» Exercise goal: What should be copied is the stretch of entries below from the line with "30 red roses" up to and including the line with "鲍毓明虐待14岁养女这三年：高管总裁的背后，是女儿无数次的哭喊", exactly and without images.

___ Information shown

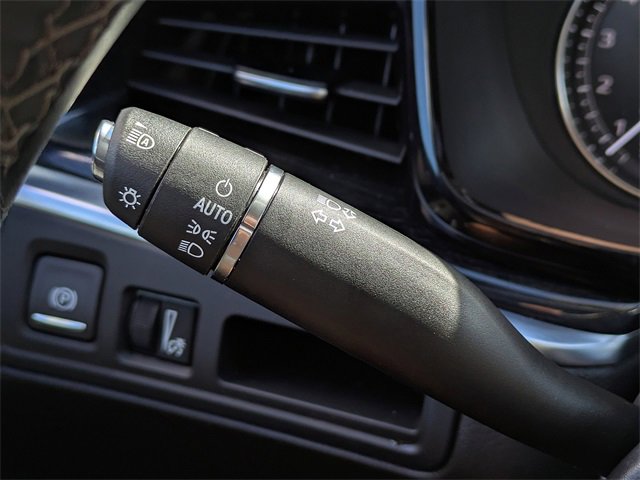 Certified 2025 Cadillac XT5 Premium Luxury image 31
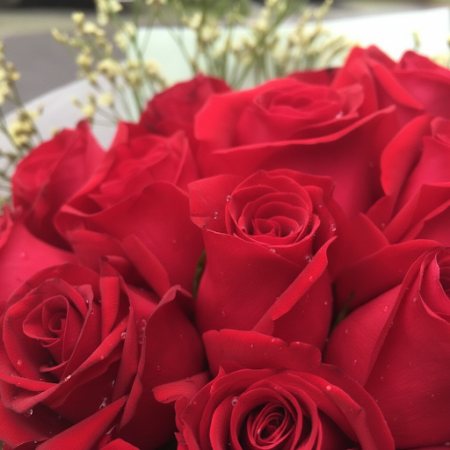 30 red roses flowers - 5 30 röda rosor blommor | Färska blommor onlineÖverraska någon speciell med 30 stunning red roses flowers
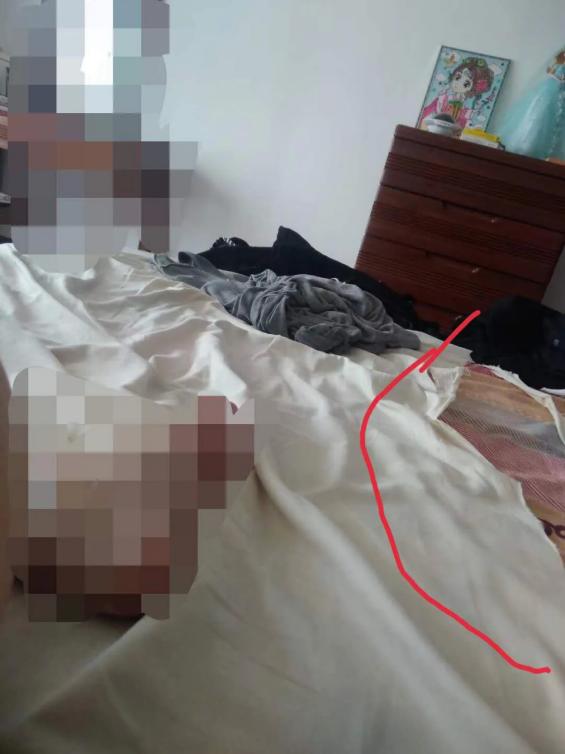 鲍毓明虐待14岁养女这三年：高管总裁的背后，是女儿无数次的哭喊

______
___ Information shown

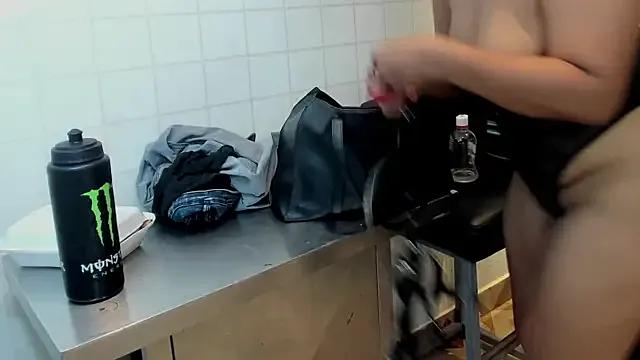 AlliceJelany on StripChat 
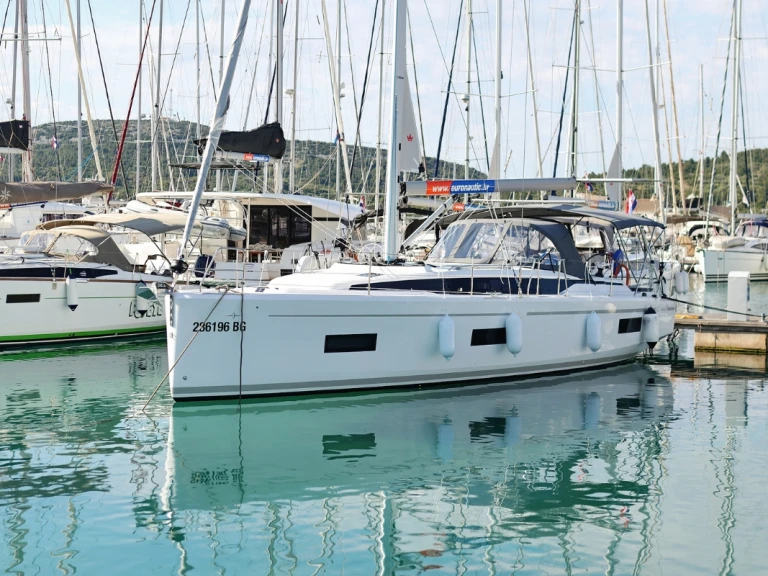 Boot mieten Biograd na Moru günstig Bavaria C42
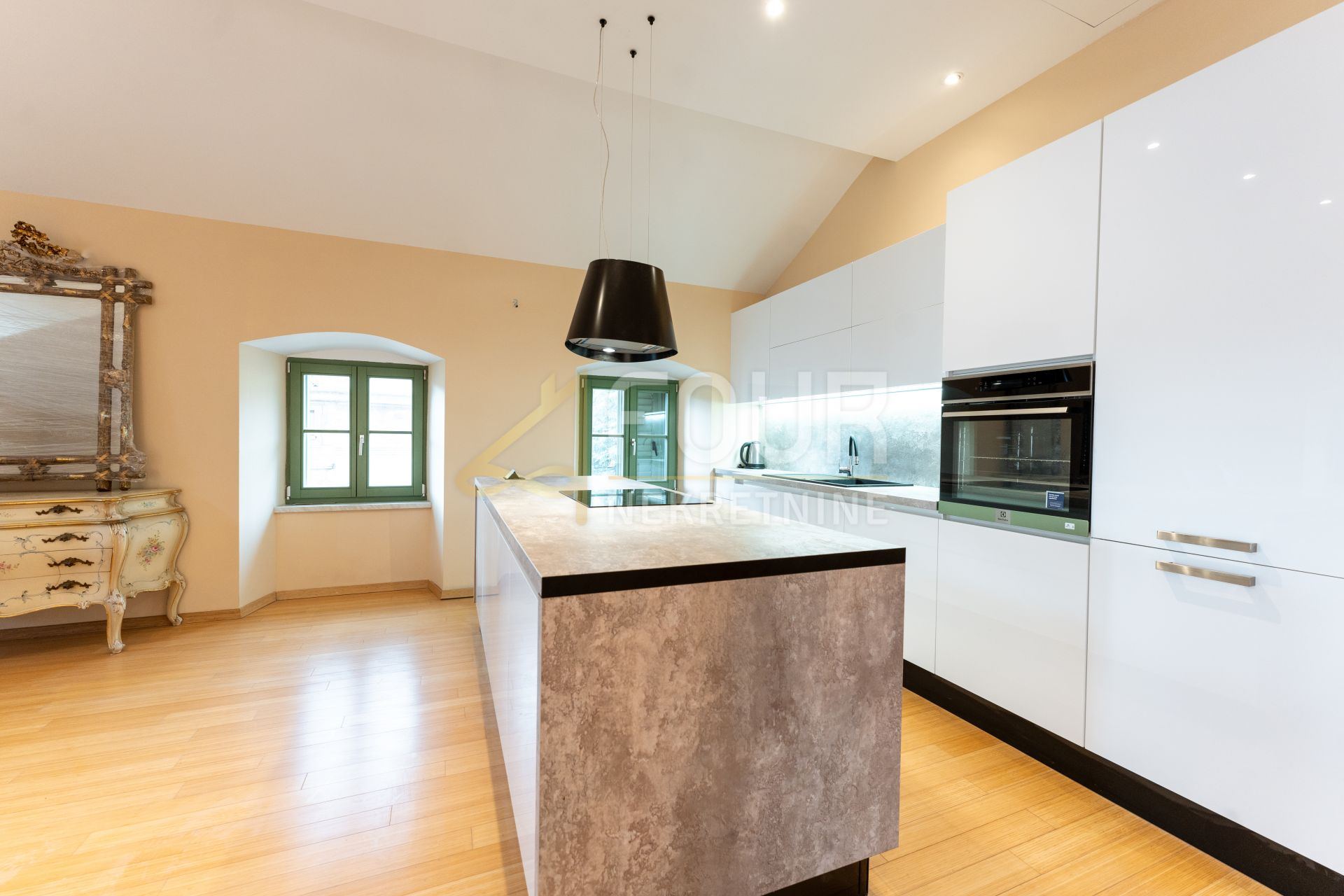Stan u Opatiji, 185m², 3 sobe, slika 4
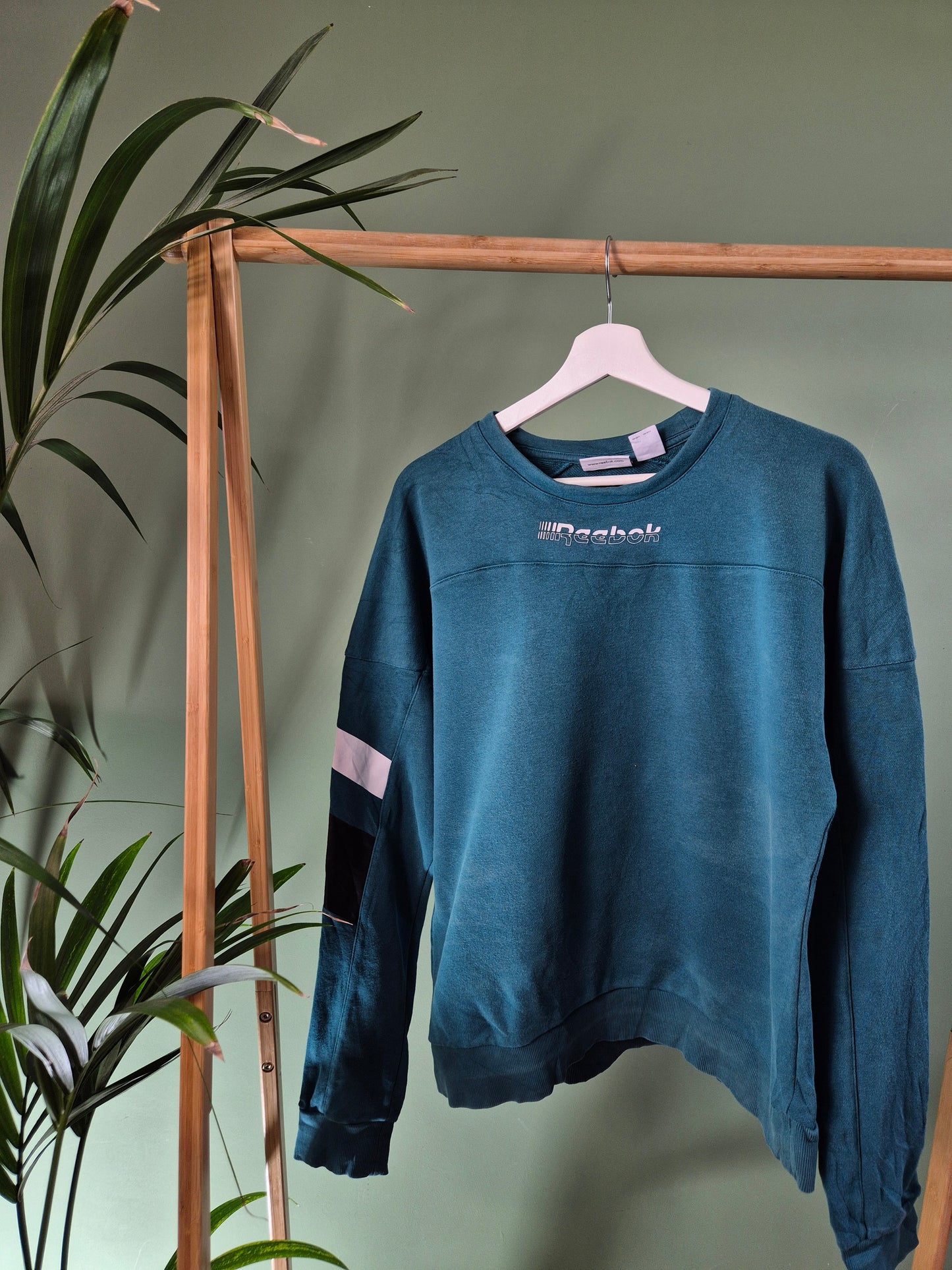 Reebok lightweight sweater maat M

______
___ Information shown

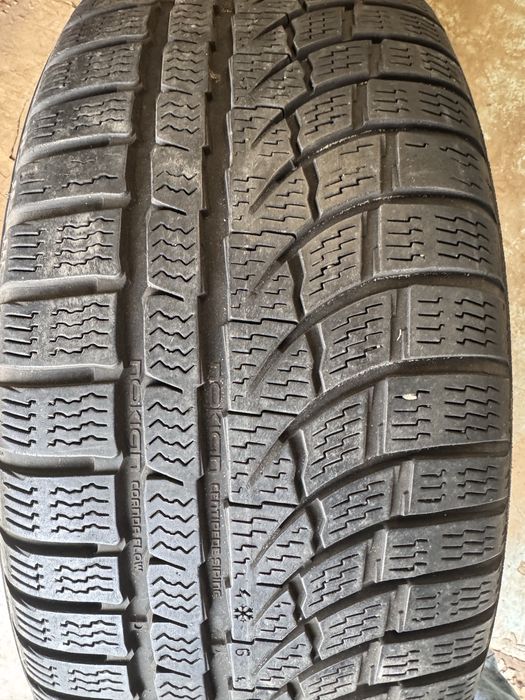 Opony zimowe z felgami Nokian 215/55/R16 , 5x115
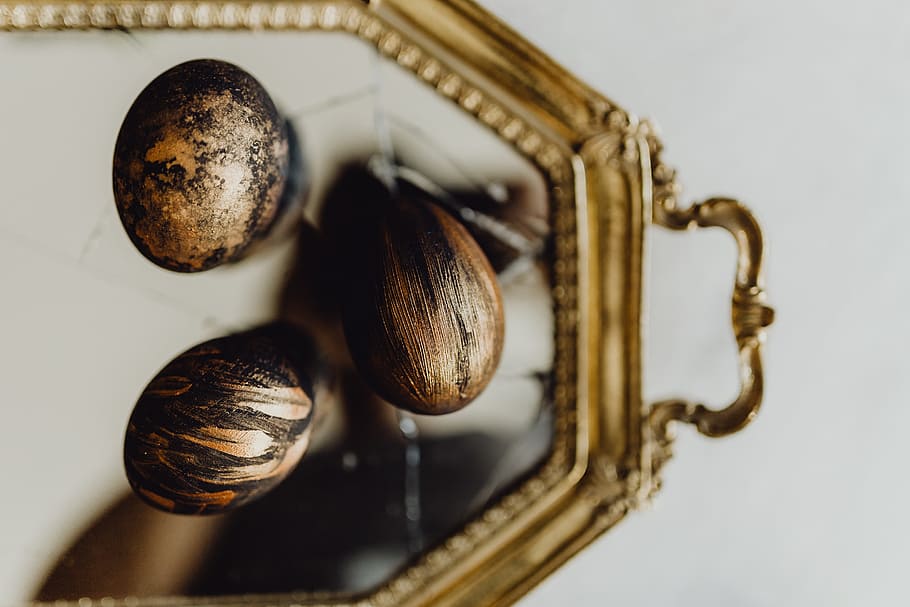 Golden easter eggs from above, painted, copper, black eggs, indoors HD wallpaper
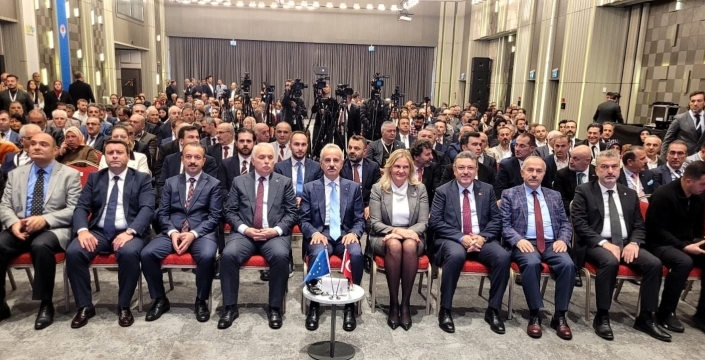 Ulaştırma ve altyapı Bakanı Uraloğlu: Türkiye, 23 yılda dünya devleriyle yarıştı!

______

» Result of this task:
 30 red roses flowers - 5 30 röda rosor blommor | Färska blommor onlineÖverraska någon speciell med 30 stunning red roses flowers
 鲍毓明虐待14岁养女这三年：高管总裁的背后，是女儿无数次的哭喊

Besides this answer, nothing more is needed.